Disparities in Emergency Department Visits Among Collocated Racial/Ethnic Medicare Enrollees

Elsevier, Annals of Emergency Medicine, Volume 73, March 2019
Authors: 
Hanchate A.D., Dyer K.S., Paasche-Orlow M.K., Banerjee S., Baker W.E., Lin M. et al.
Study objective: We estimate emergency department (ED) use differences across Medicare enrollees of different race/ethnicity who are residing in the same zip codes. Methods: In this retrospective cohort study, we stratified all Medicare fee-for-service beneficiaries aged 66 years and older (2006 to 2012) by residence zip code and identified zip codes with racial/ethnic diversity, defined as containing at least 1 enrollee from each of 3 racial/ethnic groups: Hispanics, (non-Hispanic) blacks, and (non-Hispanic) whites.

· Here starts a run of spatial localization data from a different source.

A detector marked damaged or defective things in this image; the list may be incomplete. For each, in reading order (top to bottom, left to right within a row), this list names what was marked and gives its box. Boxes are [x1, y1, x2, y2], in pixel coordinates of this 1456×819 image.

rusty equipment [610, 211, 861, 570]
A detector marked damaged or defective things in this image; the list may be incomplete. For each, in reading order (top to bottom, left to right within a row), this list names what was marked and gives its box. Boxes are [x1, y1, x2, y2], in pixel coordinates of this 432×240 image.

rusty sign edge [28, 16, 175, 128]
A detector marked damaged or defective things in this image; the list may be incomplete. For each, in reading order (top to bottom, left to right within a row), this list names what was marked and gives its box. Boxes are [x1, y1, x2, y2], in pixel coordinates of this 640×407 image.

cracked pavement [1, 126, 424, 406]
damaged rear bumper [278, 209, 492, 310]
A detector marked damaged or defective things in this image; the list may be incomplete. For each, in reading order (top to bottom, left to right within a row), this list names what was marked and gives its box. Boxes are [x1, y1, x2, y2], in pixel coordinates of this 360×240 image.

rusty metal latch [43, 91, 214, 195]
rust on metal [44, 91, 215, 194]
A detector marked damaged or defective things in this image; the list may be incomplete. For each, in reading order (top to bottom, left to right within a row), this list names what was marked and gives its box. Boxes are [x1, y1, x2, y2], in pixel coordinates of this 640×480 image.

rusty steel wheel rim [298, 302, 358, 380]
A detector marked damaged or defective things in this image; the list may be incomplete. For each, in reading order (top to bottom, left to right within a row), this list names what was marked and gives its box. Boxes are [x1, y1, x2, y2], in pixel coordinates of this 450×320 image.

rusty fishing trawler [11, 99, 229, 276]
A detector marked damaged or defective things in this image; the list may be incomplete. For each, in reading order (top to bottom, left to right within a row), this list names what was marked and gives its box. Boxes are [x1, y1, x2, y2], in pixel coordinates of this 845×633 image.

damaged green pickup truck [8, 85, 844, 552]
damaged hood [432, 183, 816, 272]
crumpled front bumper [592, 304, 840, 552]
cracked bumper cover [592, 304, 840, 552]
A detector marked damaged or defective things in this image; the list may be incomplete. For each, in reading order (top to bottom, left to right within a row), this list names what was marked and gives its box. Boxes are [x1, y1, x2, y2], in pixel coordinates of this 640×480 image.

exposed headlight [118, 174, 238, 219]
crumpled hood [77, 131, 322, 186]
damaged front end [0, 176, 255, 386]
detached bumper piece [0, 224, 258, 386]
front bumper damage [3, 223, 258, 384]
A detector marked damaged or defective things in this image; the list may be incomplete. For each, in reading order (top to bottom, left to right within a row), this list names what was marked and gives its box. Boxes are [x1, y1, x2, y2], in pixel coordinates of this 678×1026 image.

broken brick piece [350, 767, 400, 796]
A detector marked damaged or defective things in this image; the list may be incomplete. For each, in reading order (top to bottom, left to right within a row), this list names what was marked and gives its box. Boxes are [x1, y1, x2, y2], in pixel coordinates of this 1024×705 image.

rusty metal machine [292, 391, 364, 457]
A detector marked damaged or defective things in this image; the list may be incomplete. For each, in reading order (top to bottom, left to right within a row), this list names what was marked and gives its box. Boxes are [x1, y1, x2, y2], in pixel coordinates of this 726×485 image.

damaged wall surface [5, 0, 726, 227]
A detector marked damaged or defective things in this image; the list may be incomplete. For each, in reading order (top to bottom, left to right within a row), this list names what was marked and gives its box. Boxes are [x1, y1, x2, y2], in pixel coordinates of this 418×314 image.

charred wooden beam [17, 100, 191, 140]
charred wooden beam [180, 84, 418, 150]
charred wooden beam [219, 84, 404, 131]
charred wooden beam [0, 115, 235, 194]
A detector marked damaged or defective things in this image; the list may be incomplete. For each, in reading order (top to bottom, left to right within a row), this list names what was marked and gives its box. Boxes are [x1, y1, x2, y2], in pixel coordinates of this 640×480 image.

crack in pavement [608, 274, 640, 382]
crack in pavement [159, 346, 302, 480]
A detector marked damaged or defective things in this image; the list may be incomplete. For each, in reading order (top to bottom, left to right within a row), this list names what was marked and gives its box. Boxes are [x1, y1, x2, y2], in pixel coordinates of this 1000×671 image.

Our primary study population consisted of a stratified random sample of approximately equal number of each racial/ethnic group from each zip code with racial/ethnic diversity (N=1,563,631). We identified ED visits, comorbidities, primary-care-treatable status, and patient disposition. We characterized socioeconomic status by zip code poverty rate. The main outcome measure was the ratio of ED visit rate (number of visits/100 person-years) between each minority group and whites. Results: Of 38,423 zip codes nationally, 41% met the racial/ethnic diversity criterion; these zip codes contained 85% of the Medicare fee-for-service beneficiaries. Among enrollees from zip codes with racial/ethnic diversity, the ED visit rate among whites was 45.4 (95% confidence interval 45.1 to 45.6), and the ED visit rate ratio was 1.34 (95% confidence interval 1.33 to 1.36) among blacks and 1.23 (95% confidence interval 1.22 to 1.24) among Hispanics. ED visit rate ratios for both minority groups were greater than 1.00 among all subgroups by age, comorbidity, zip code poverty rate, urban/rural area, and primary-care-treatable and disposition status. Conclusion: Among Medicare enrollees, blacks and Hispanics had higher ED use rates than whites overall and among subgroups by demographics and socioeconomic status.